I got into Morphine because Collective Soul covered them - they passable cover of "You Speak My Language" on the massively underrated Blender album. So I checked them out. Downloaded a few songs. Liked what I heard. Downloaded a few more. Etc. I have dozens of Morphine songs on my computer now, and several albums. I'd have more, but you might have picked up that I acquire songs slowly - rarely an album at a time.
One of the things I like about Morphine is a minor technical thing, but it still matters - their lineup was weird. Drums, slide bass (like slide guitar, but bass) and a baritone sax. That was basically it. It goes back to something I've thought for a while - we get so locked into the guitar bass drums sometimes keys rock band lineup, that we ignore a lot of good possibilities. How many bands would have prospered if they'd thought to put an ad up for a saxophone player?
Morphine concentrated almost entirely on the low range of the instruments - the slide bass would play these slippery riffs, the horn would bubble up, but never higher than mid-range, and Mark Sandman's baritone would sing these bizarre, almost Beat poetry lyrics. The whole vibe was like jazz club full of menace. My favorite line from a song of theirs: "Found a woman who was soft but she's also hard/While I slept, she nailed down my heart." Second favorite: "She had a smile that swirled, she had a smile that curled, she had a smile that swerved all over the road."
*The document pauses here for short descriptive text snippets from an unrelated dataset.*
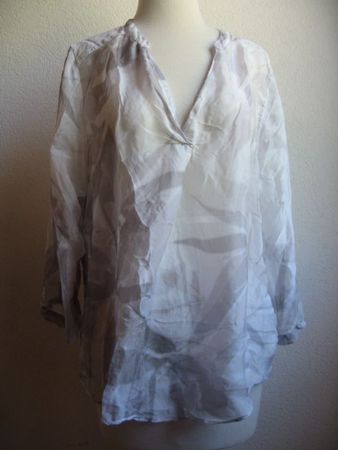 Nile belle blouse en taille 42CH!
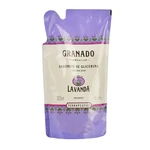 REFIL SABONETE LÍQUIDO GLICERINA LAVANDA 300ML GRANADO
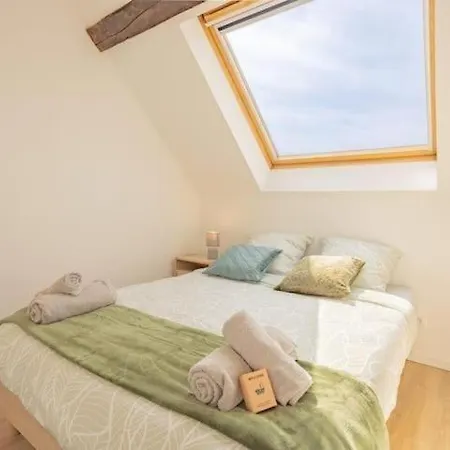 Lägenhet Le Nid Troyen - Gare - Hypercentre - New Cosy - Rent Immo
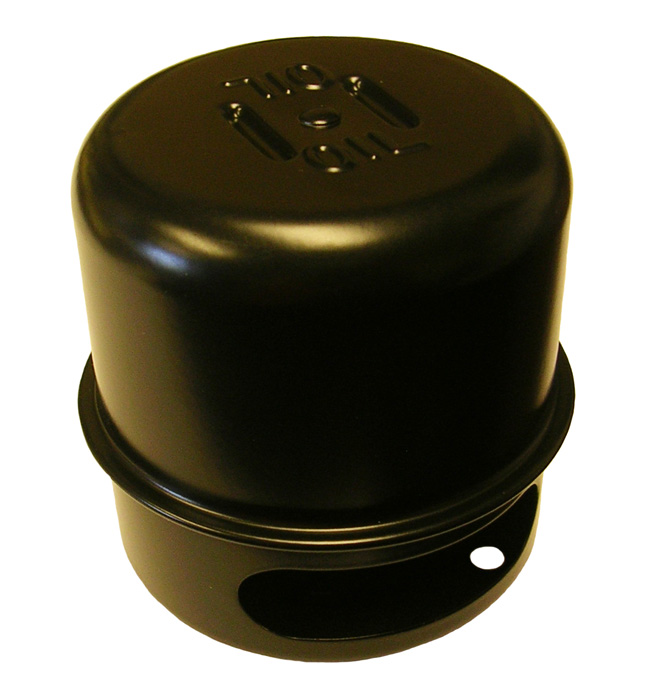 195062 Cadillac oil filler/breather capFusick Automotive Products, Inc.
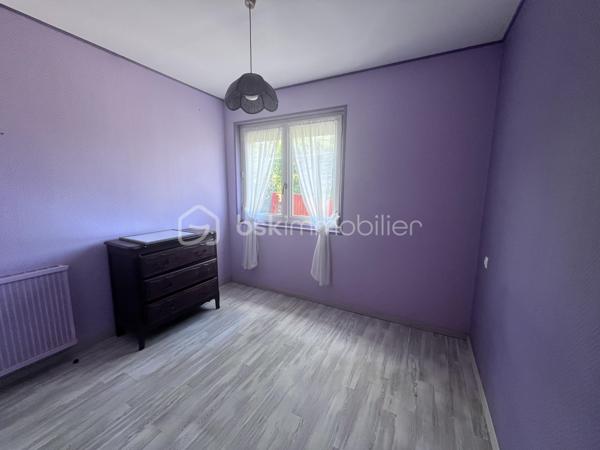 Maison traditionnelle de 98 m²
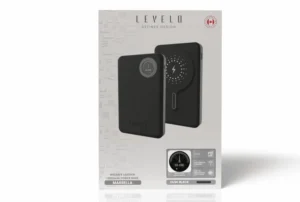 پاوربانک مگ‌سیف LEVELO مدل Marbella 10000mAh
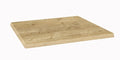 Tablero de mesa Werzalit WER-WOODART, Avalon Pine 4729, 60 x 60 cms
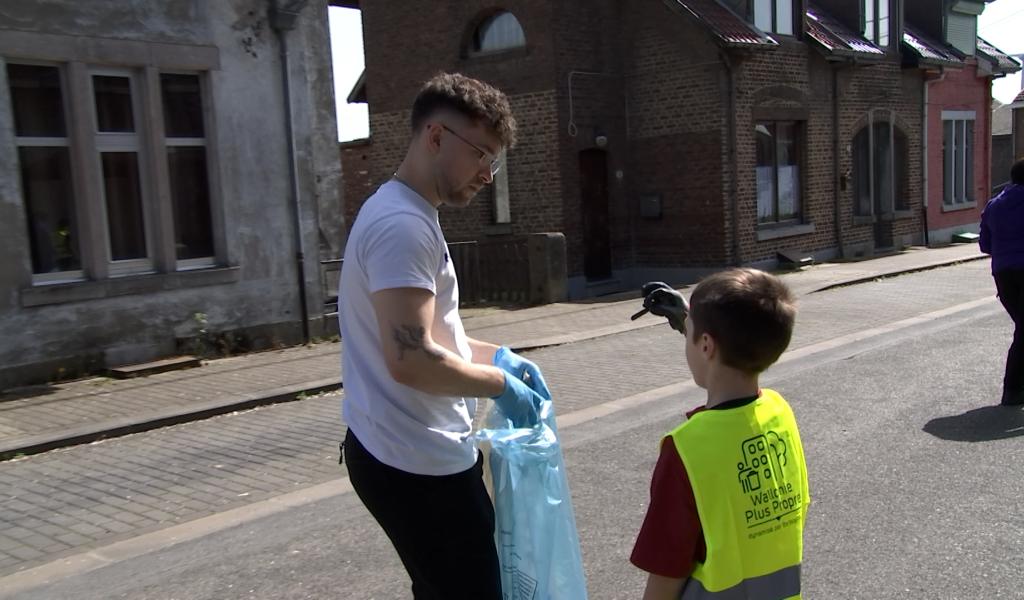 Bray: l'opération "Quartiers propres" mobilise les élèves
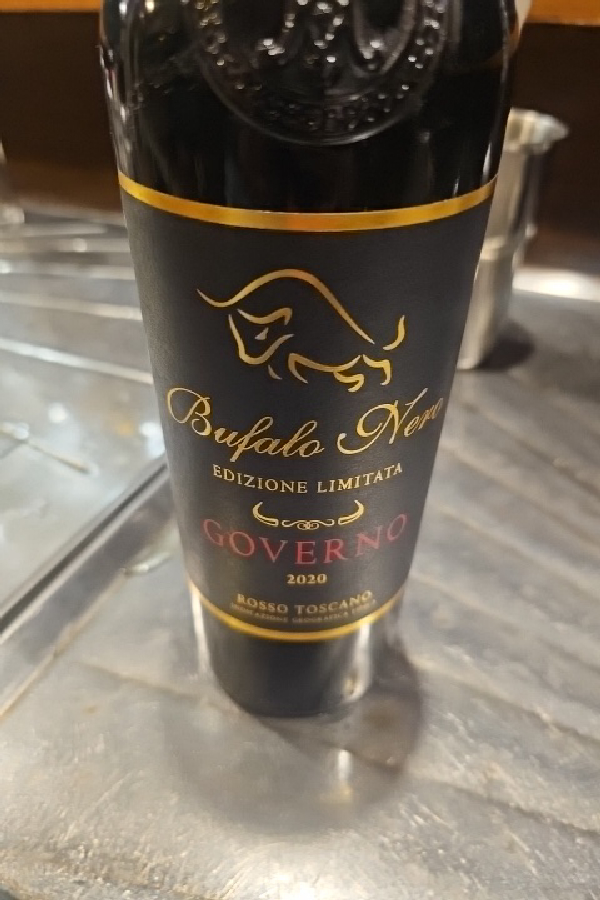 Bufalo Nero Governo - Image 1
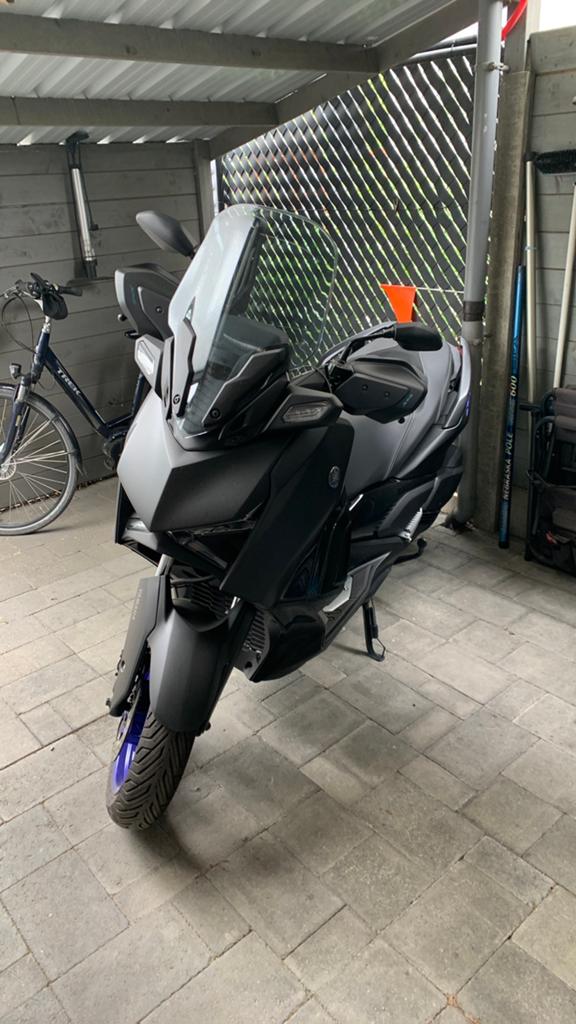 Yamaha Xmax 300cc, Ophalen, Zo goed als nieuw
Every once in a while I'll put Morphine on at work - it's mellow enough to usually make it past the radar, but still sometimes a pounding groove like "Eleven O'Clock" will raise an eyebrow. The only problem with Morphine is that they had a tendency to go over the same ground a lot - they were one of those bands that had a unique sound, and stuck with it.
Still, to dip into every once in a while, it was a great sound. That's one of the reasons I love indie rock - you find these weird bands, with their own sound, and you can sample them - add a little of their spice to your collection, dip in, and then head off to something else.